=== Material shown ===
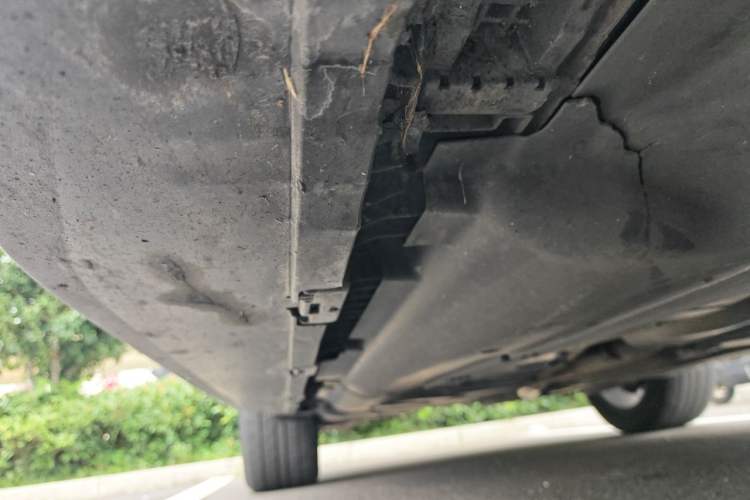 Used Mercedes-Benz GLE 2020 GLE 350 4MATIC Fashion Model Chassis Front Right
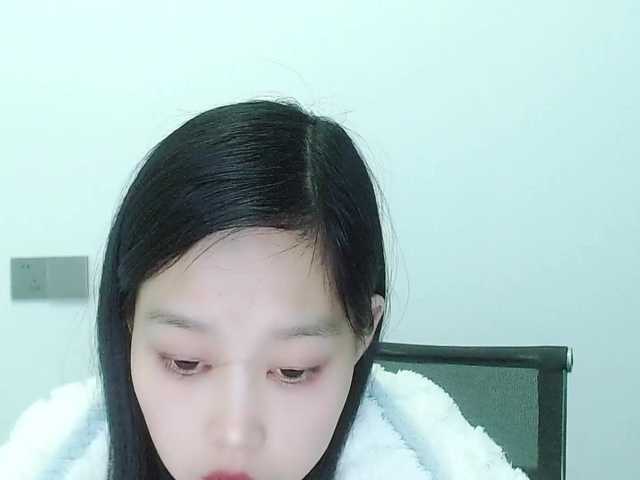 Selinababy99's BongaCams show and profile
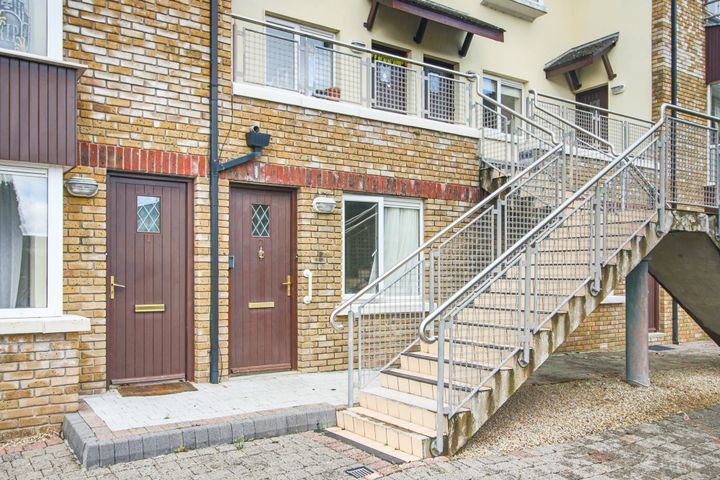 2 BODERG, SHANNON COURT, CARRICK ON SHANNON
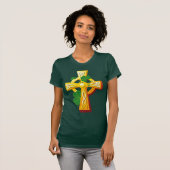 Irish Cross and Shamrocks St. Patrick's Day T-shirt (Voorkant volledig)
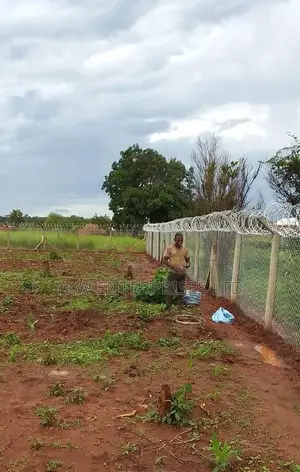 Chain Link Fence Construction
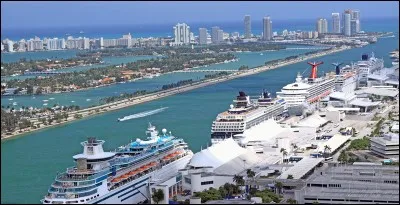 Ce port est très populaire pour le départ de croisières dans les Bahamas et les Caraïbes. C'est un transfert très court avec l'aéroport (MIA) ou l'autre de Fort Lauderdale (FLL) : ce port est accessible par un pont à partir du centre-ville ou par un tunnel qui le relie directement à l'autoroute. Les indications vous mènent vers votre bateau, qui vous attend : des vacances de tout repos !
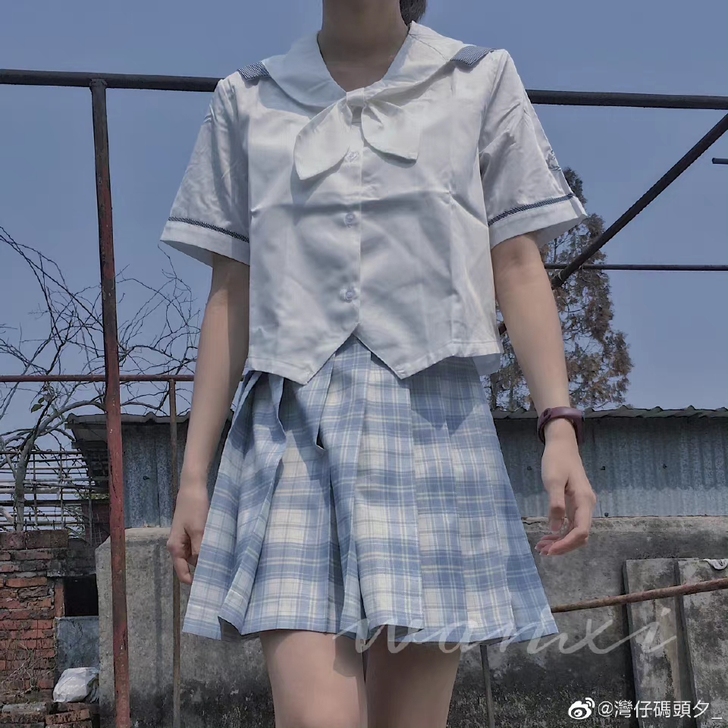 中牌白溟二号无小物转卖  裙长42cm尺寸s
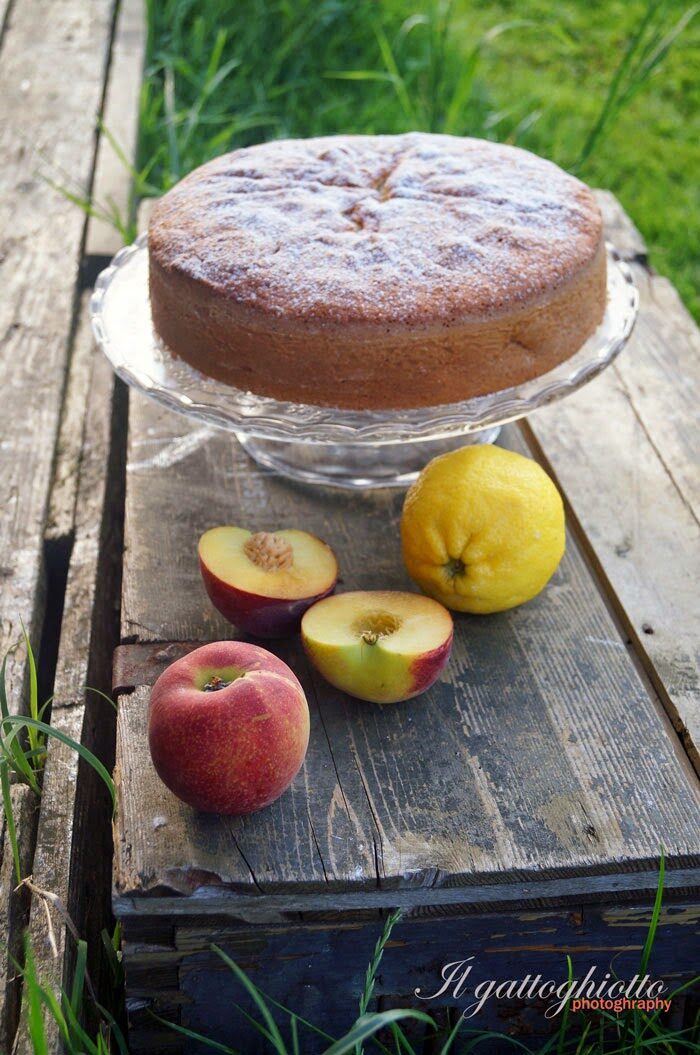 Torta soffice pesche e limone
...
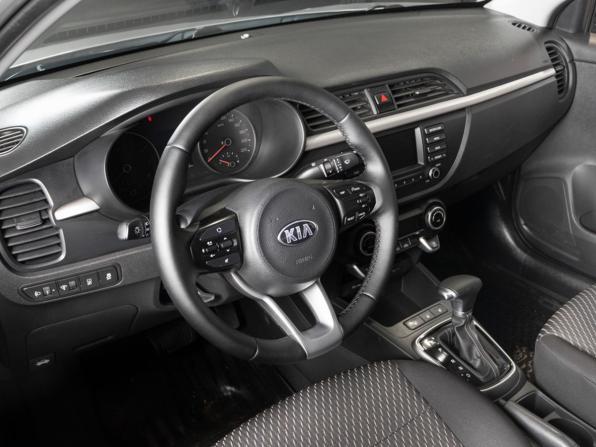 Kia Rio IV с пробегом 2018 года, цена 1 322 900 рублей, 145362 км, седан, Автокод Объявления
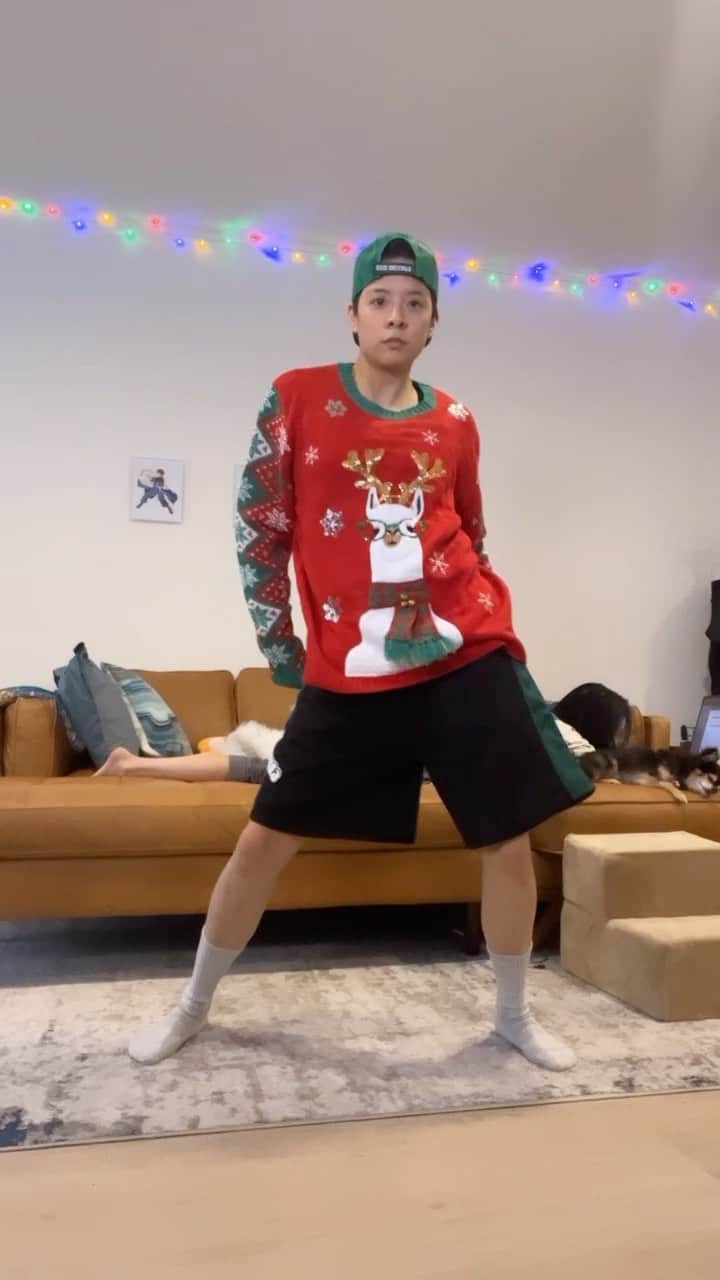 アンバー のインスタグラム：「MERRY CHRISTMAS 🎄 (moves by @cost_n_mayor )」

=== Action item ===
Excerpt from the records above: set down only the lines from the one that contains "Irish Cross and" through the one that contains "Torta soffice pesche e limone", inclusive, word for word. Pictures stay out.

=== Result for this exercise ===
 Irish Cross and Shamrocks St. Patrick's Day T-shirt (Voorkant volledig)
 Chain Link Fence Construction
 Ce port est très populaire pour le départ de croisières dans les Bahamas et les Caraïbes. C'est un transfert très court avec l'aéroport (MIA) ou l'autre de Fort Lauderdale (FLL) : ce port est accessible par un pont à partir du centre-ville ou par un tunnel qui le relie directement à l'autoroute. Les indications vous mènent vers votre bateau, qui vous attend : des vacances de tout repos !
 中牌白溟二号无小物转卖  裙长42cm尺寸s
 Torta soffice pesche e limone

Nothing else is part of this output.